O futuro da logística hidroviária no Brasil está em um ponto de inflexão, marcado por duas decisões recentes que, embora distintas, revelam um profundo conflito entre o desenvolvimento econômico e a sustentabilidade socioambiental. De um lado, a Agência de Desenvolvimento Sustentável das Hidrovias dos Corredores de Exportação (Adecon) nomeia o experiente administrador Edeon Vaz Ferreira como seu novo diretor executivo, um movimento claro para fortalecer a competitividade dos corredores fluviais. Do outro, o governo federal suspende o processo de contratação para a dragagem do Rio Tapajós, no Pará, em resposta direta a protestos de povos indígenas e comunidades tradicionais.

A nomeação de Edeon Vaz Ferreira pela Adecon sinaliza uma forte aposta na otimização da logística do agronegócio. Com mais de 40 anos de experiência, Ferreira é uma referência no setor, tendo atuado como diretor executivo do Movimento Pró-Logística do Mato Grosso e presidido a Câmara Temática de Infraestrutura e Logística do Agronegócio (CTLOG) do Ministério da Agricultura. Sua missão na Adecon é clara: utilizar sua visão sistêmica para ampliar a eficiência e a competitividade das hidrovias, que são vitais para o escoamento da produção nacional.

A chegada de um especialista com o calibre de Ferreira à Adecon é vista pelo mercado como um passo estratégico para destravar o potencial dos rios brasileiros como corredores de exportação. Ele foi um dos idealizadores do Mastermind Infraestrutura, um fórum de excelência técnica focado no estudo da logística nacional. Sua liderança promete impulsionar projetos e políticas que tornem o transporte fluvial uma alternativa mais robusta e econômica frente a outros modais, um objetivo antigo do agronegócio.

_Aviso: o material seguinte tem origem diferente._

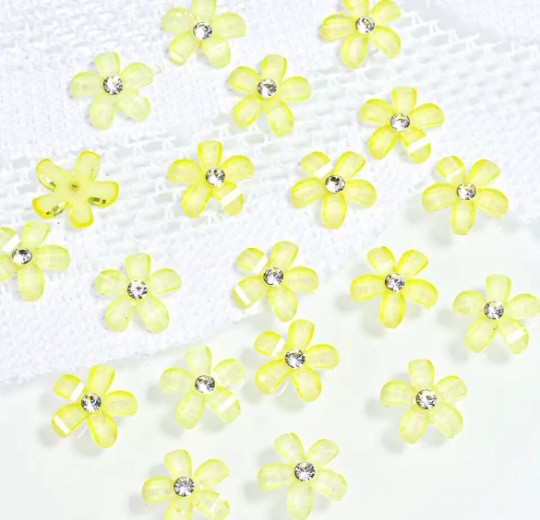 yellow rhinestone flower 10mm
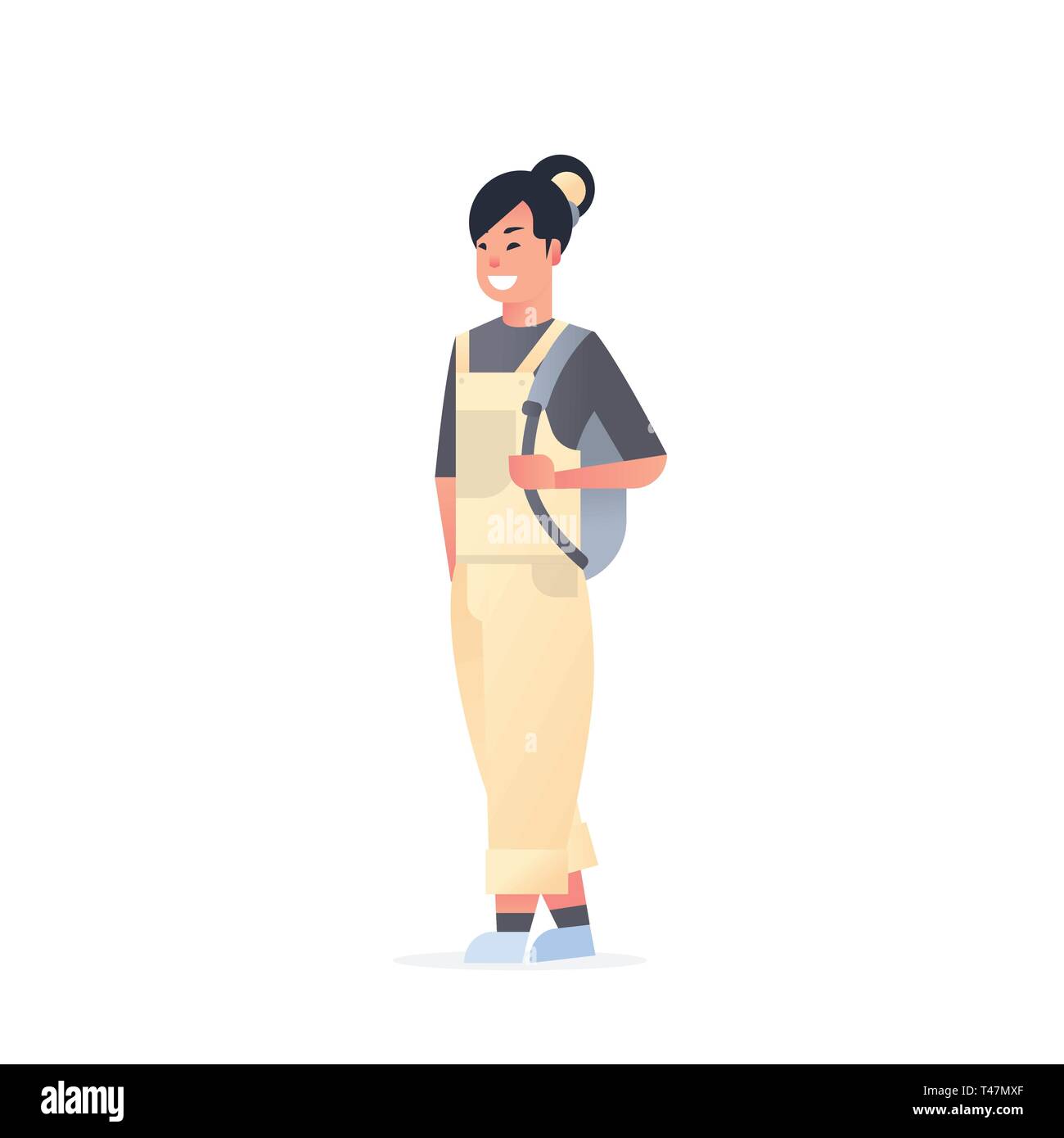 Junge Asiatin legere Kleidung gerne attraktive Frau mit Rucksack chinesischen oder japanischen weibliche Comicfigur in voller Länge flache weiße Stock Vektor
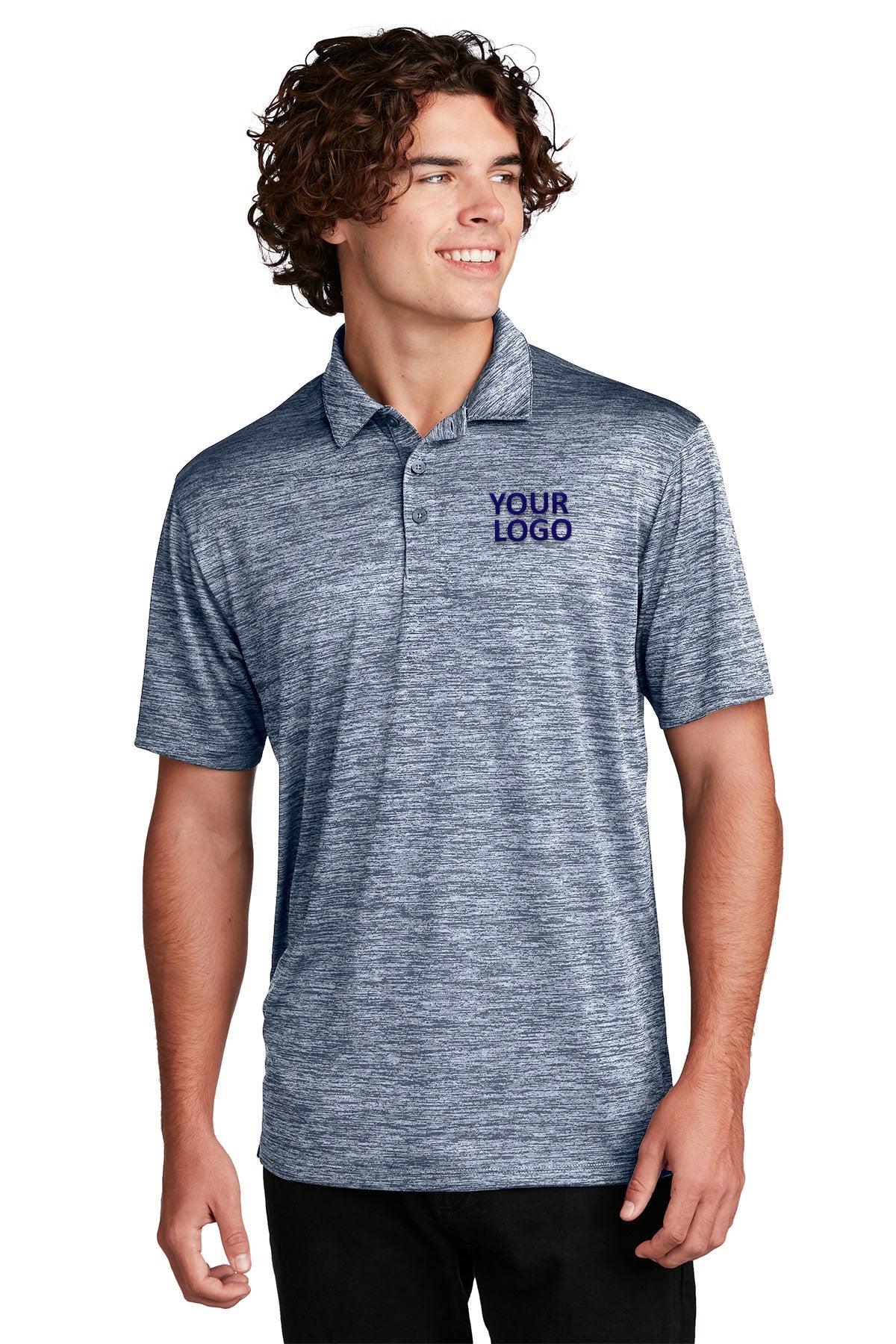 Sport-Tek PosiCharge Custom Electric Heather Polos, True Navy Electric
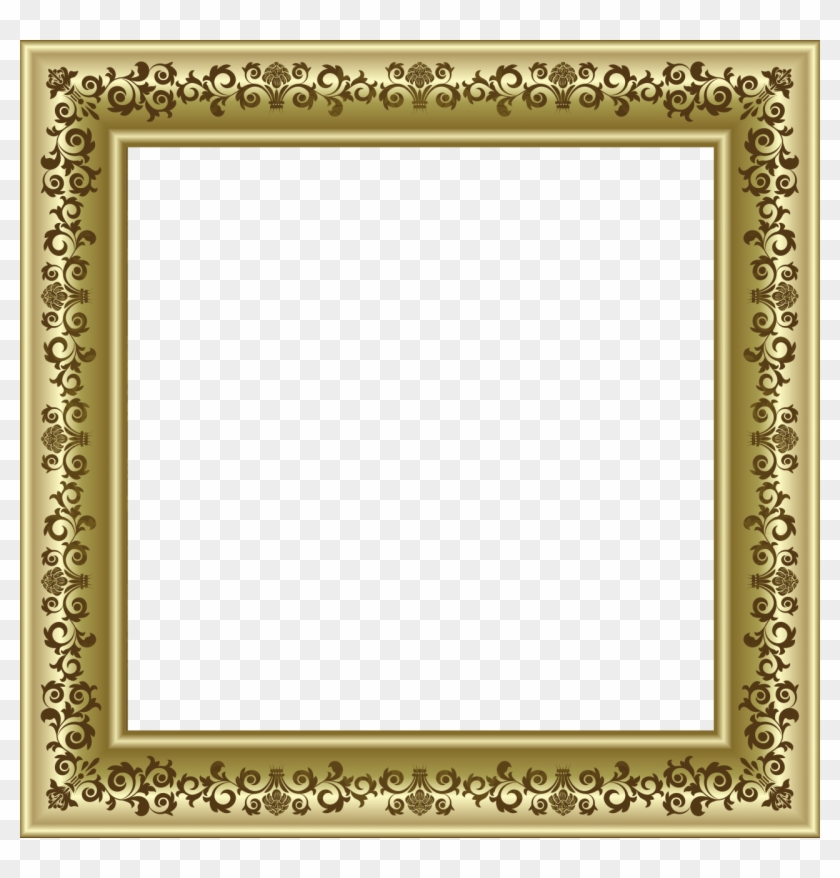 Gold Photo Frame Png With Brown Ornaments - Frames Psd Files Free Download Clipart #135638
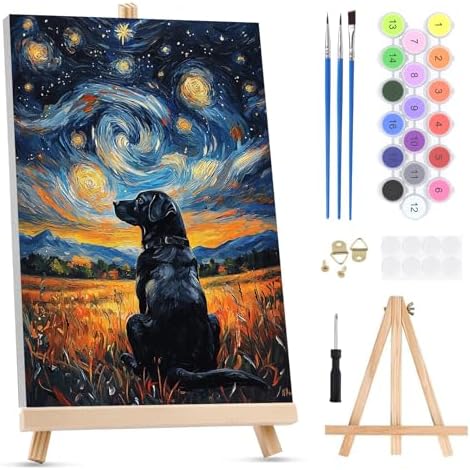 KEYIFA Paint by Numbers for Adults on Framed Canvas - with Wooden Easel, Starry Sky Painting by Number Kit for Beginners, DIY Labrador Acrylic Paint-by-Number Kits for Home Wall Decor (8x12 inch)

Em contrapartida, a poucas semanas desse movimento estratégico, o governo federal anunciou a suspensão da contratação para a dragagem do Rio Tapajós. A decisão, comunicada em nota conjunta pelos ministros Guilherme Boulos (Secretaria-Geral), Sílvio Costa Filho (Portos e Aeroportos) e Sônia Guajajara (Povos Indígenas), foi uma resposta direta às ocupações e atos de protesto que ocorrem há mais de 15 dias em Santarém (PA). Os manifestantes, compostos por povos indígenas, comunidades tradicionais e organizações sociais, exigem a revogação do decreto que prevê a concessão da hidrovia do Tapajós à iniciativa privada.

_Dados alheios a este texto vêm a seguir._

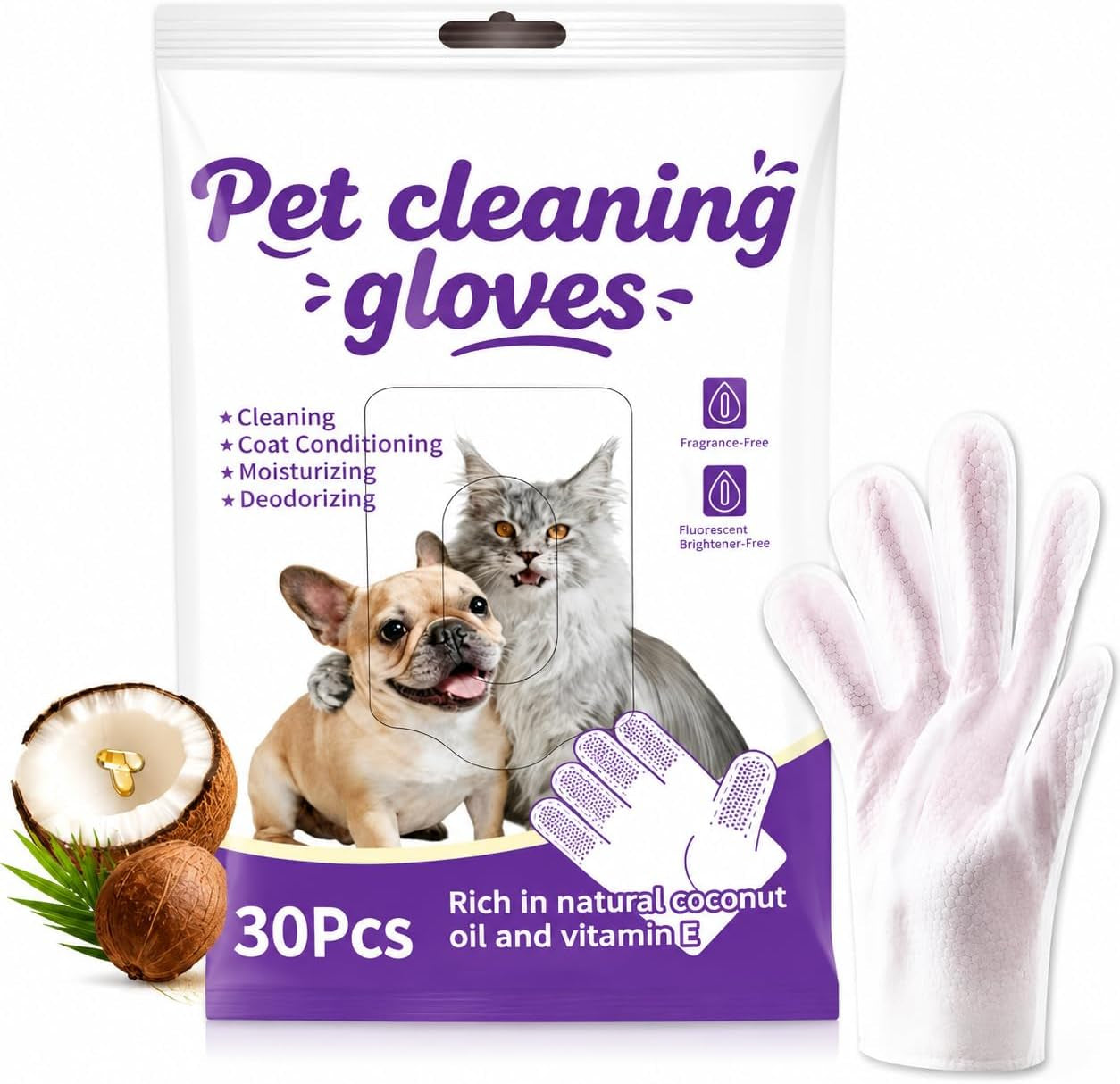 Pet Glove Wipes for Dogs & Cats, 30Pcs Deodorizing Cleaning Gloves with Coconut Oil, Vet Recommended Hypoallergenic Bathless Grooming Wipes for Paws, Body & Ears, No-Rinse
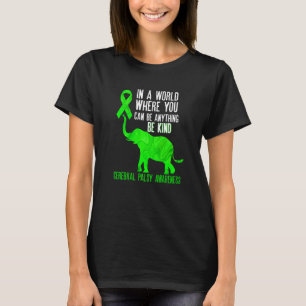 Be kind cerebral palsy Awareness green elephant ri T-Shirt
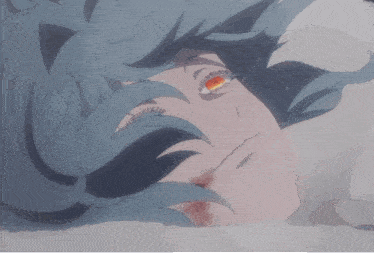 a close up of a person 's face with blue hair and red eyes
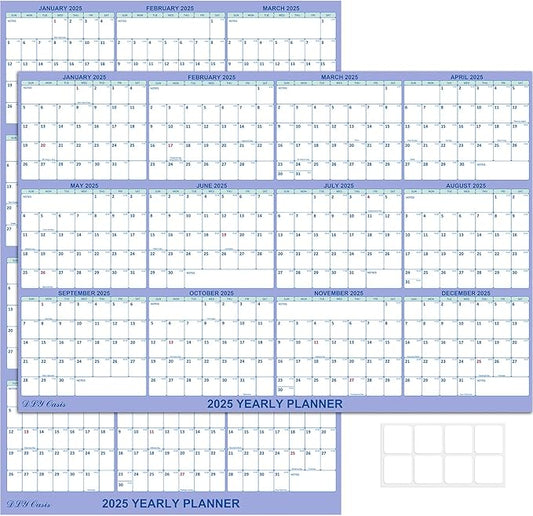 24" x 36" 2025 Wall Calendar, Folded Wet & Dry Erase Wall Calendar 12 Month, Annual Yearly Planner Yearly Laminated Calendar 2025 Horizontal/Vertical, with Julian Dates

Segundo o governo, a suspensão visa abrir um canal de negociação com os manifestantes. No entanto, a nota ministerial ressalta que o serviço de dragagem é uma ação de rotina, realizada em anos anteriores para garantir a navegabilidade da hidrovia, e não estaria diretamente ligado ao projeto de concessão. Uma comissão foi enviada a Santarém para dialogar com os grupos, com acompanhamento do Ministério Público Federal.

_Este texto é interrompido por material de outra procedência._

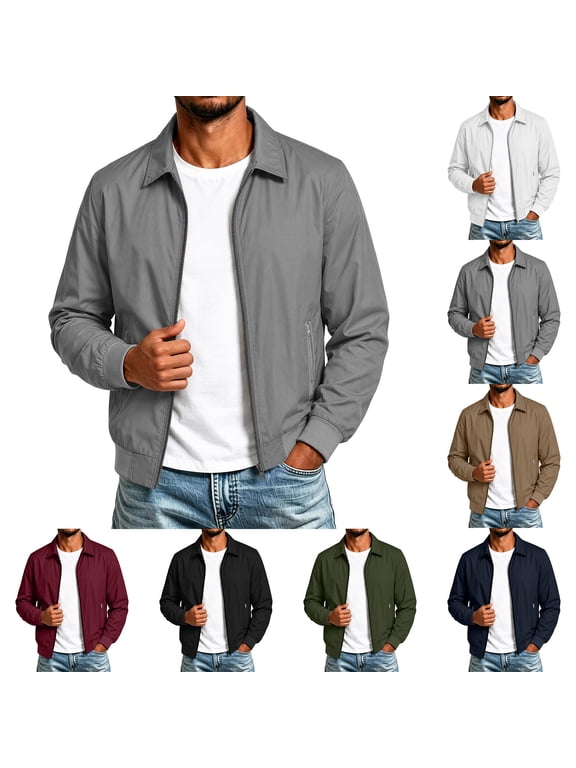 Mens Lightweight Jackets Solid Windbreaker Full Zip Casual Work Jacket Golf Business Fall Track Coat with Pockets S-3XL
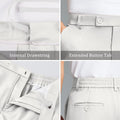Men's Wide Leg Pleated Dress Pants with Drawstring Waist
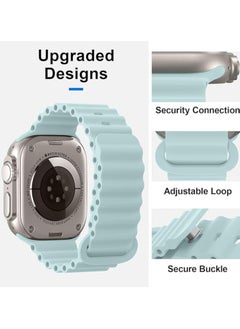 FARROBIZZ Ocean Strap Compatible with Apple Watch Ultra 2 Strap 49 mm 45 mm 44 mm 42 mm, Soft Silicone Replacement Strap for iWatch Ultra SE Series 9 8 7 6 5 4 3 2 1 for Men and Women  - Image 3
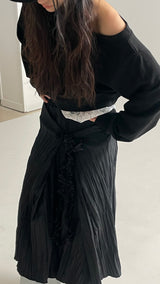  Lace wrap skirt [BLACK]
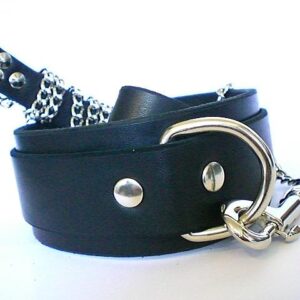 Leather Collar With Submissive Leash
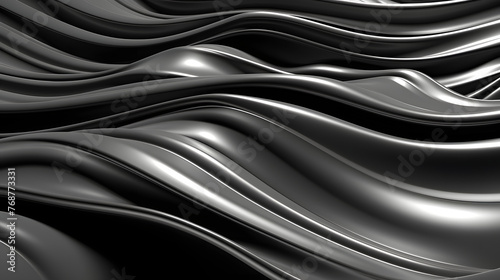 Digital silver wave curve sculpture abstract graphic poster web page PPT background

A controvérsia em torno do Tapajós expõe a complexidade dos projetos de infraestrutura na Amazônia. O Ministério de Portos e Aeroportos garantiu que qualquer novo empreendimento na região será precedido de consulta livre, prévia e informada, conforme a Convenção nº 169 da Organização Internacional do Trabalho (OIT). Essa promessa é um ponto central para as comunidades locais, que temem os impactos socioambientais da expansão da hidrovia, como o aumento do tráfego de grandes embarcações e os efeitos da dragagem sobre o ecossistema fluvial.

Esses dois eventos, a nomeação na Adecon e a suspensão no Tapajós, ilustram perfeitamente o cabo de guerra que define o desenvolvimento logístico no Brasil. De um lado, a urgência econômica e a busca por competitividade, representada pela expertise de Edeon Vaz Ferreira. Do outro, a crescente pressão por um modelo de desenvolvimento que respeite os direitos dos povos originários e a integridade ambiental, especialmente em biomas sensíveis como a Amazônia.

A resolução desse impasse será determinante para o futuro das hidrovias brasileiras. A capacidade do país de conciliar a eficiência logística com a responsabilidade socioambiental não apenas definirá o sucesso de projetos como a Hidrovia do Tapajós, mas também moldará a própria imagem do Brasil no cenário global como um player que consegue aliar progresso econômico e sustentabilidade.